(Data provided Opens)

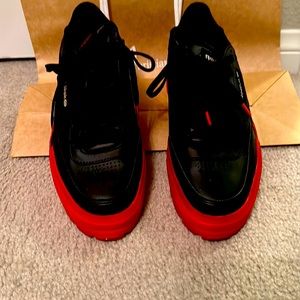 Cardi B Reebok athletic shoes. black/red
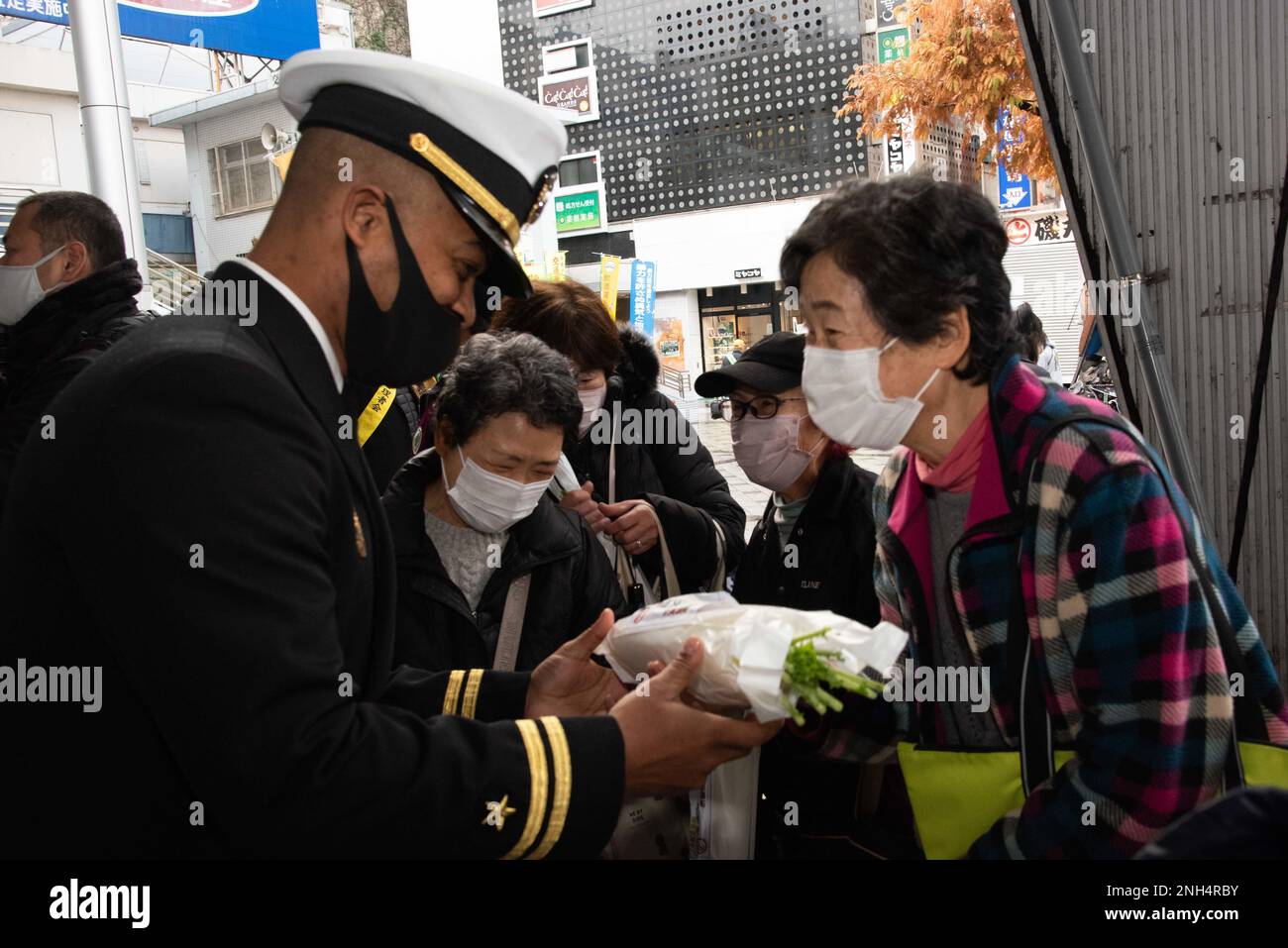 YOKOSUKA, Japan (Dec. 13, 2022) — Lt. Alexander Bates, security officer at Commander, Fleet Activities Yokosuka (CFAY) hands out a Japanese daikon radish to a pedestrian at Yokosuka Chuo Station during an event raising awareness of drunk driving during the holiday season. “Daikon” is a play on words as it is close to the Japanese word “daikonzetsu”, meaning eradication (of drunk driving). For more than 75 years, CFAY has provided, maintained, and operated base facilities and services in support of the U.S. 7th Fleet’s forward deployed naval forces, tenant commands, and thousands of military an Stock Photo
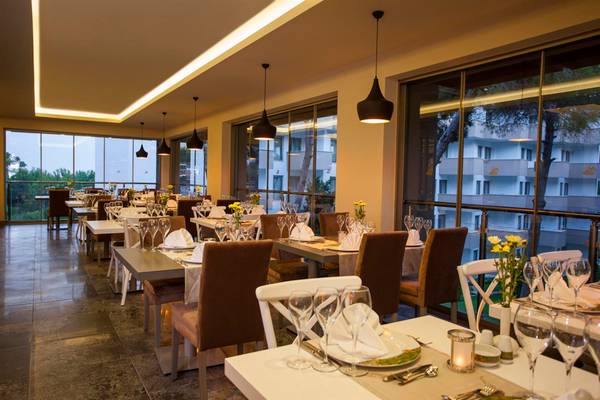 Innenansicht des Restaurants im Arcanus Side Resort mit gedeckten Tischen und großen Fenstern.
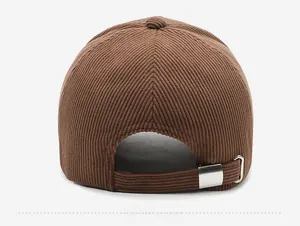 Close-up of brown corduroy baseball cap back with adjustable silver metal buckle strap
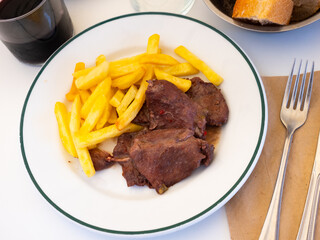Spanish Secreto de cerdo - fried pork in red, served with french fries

(Data provided Closes)

▶ **Task statement**: This exercise needs every entry retyped exactly, with the pictures removed.

▶ **Result of this task**:
 Cardi B Reebok athletic shoes. black/red
 YOKOSUKA, Japan (Dec. 13, 2022) — Lt. Alexander Bates, security officer at Commander, Fleet Activities Yokosuka (CFAY) hands out a Japanese daikon radish to a pedestrian at Yokosuka Chuo Station during an event raising awareness of drunk driving during the holiday season. “Daikon” is a play on words as it is close to the Japanese word “daikonzetsu”, meaning eradication (of drunk driving). For more than 75 years, CFAY has provided, maintained, and operated base facilities and services in support of the U.S. 7th Fleet’s forward deployed naval forces, tenant commands, and thousands of military an Stock Photo
 Innenansicht des Restaurants im Arcanus Side Resort mit gedeckten Tischen und großen Fenstern.
 Close-up of brown corduroy baseball cap back with adjustable silver metal buckle strap
Spanish Secreto de cerdo - fried pork in red, served with french fries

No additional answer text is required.